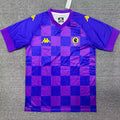 Maillot Hércules Extérieur 2025/26
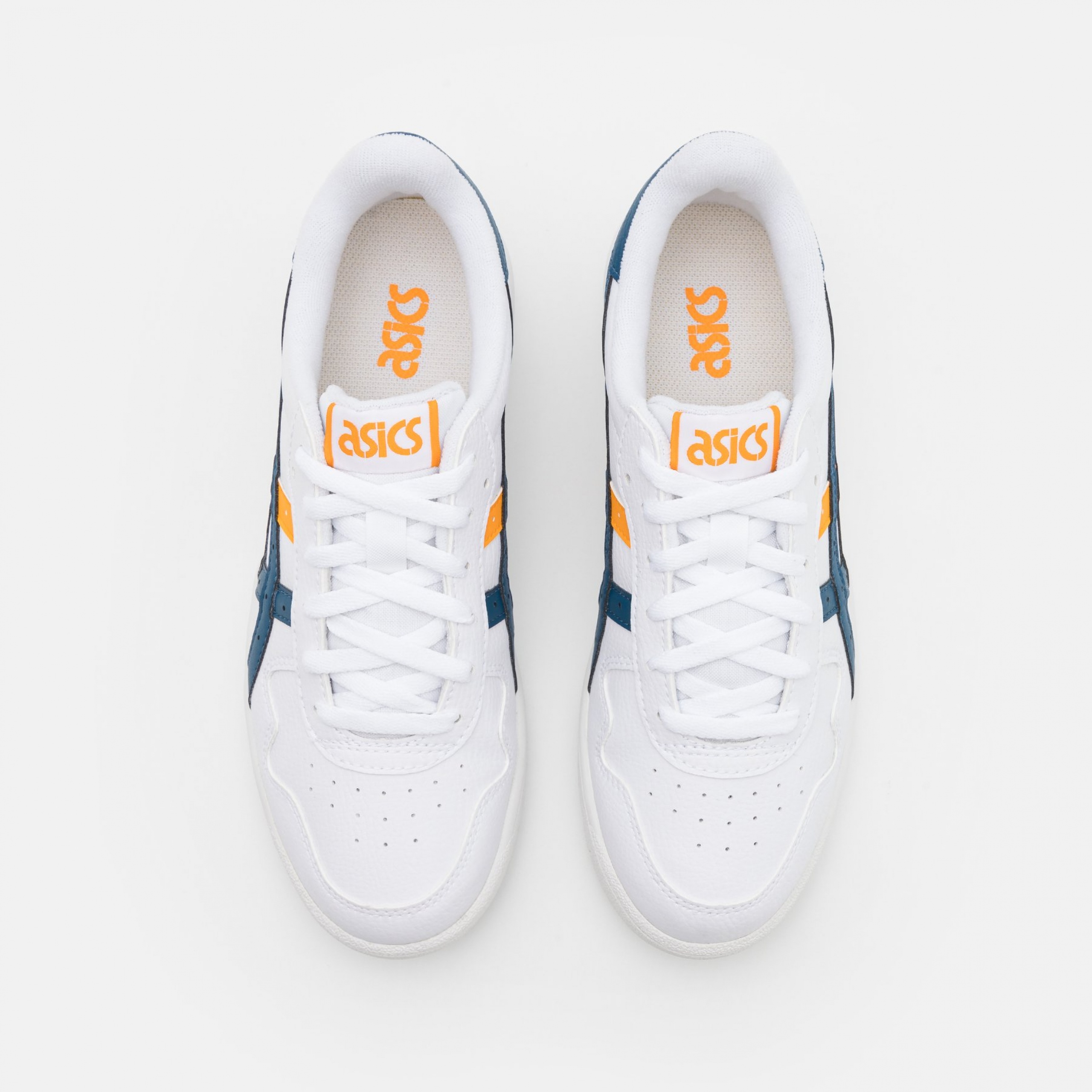 Фото № 4 с приближением к товару «‎Asics Japan »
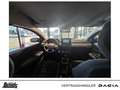 Dacia Jogger ECO-G 100 Expression SHZ + KLIMA + RKAMERA Zwart - thumbnail 13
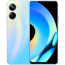 Realme 10 Pro 8GB/256GB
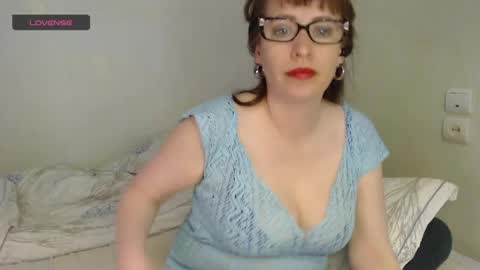 nettie789 online show from 14, 5, 2026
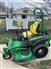 2025 John Deere Z960M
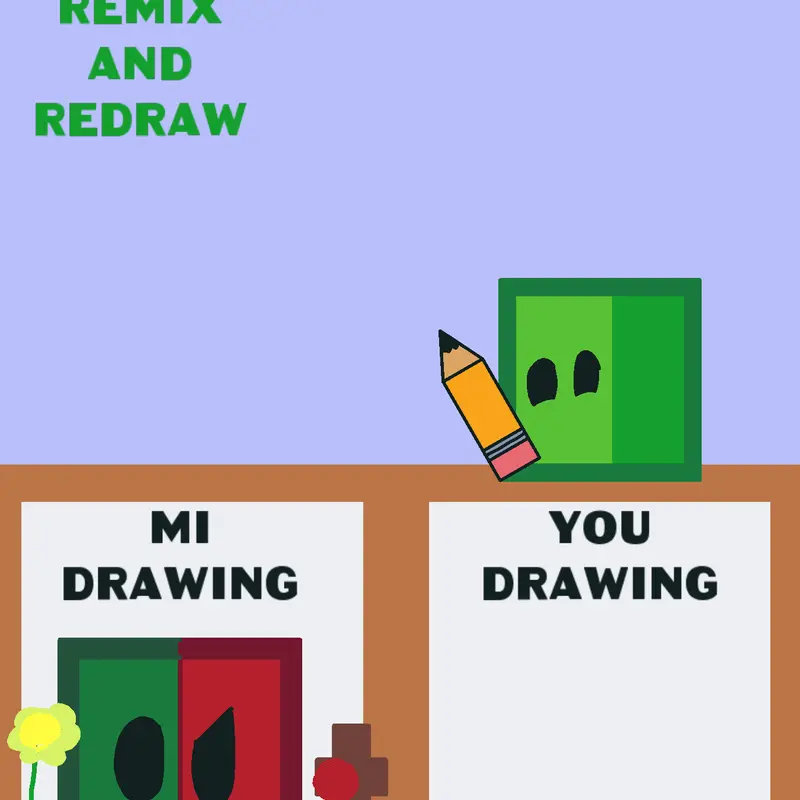 Game by @thetowercat2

**INSTRUCTIONS FOR THE TASK:** The output is the data above, repeated exactly, with pictures omitted.

**RESPONSE TO THE EXERCISE:**
 Maillot Hércules Extérieur 2025/26
 Фото № 4 с приближением к товару «‎Asics Japan »
 Dacia Jogger ECO-G 100 Expression SHZ + KLIMA + RKAMERA Zwart - thumbnail 13
 Realme 10 Pro 8GB/256GB
 nettie789 online show from 14, 5, 2026
 2025 John Deere Z960M
 Game by @thetowercat2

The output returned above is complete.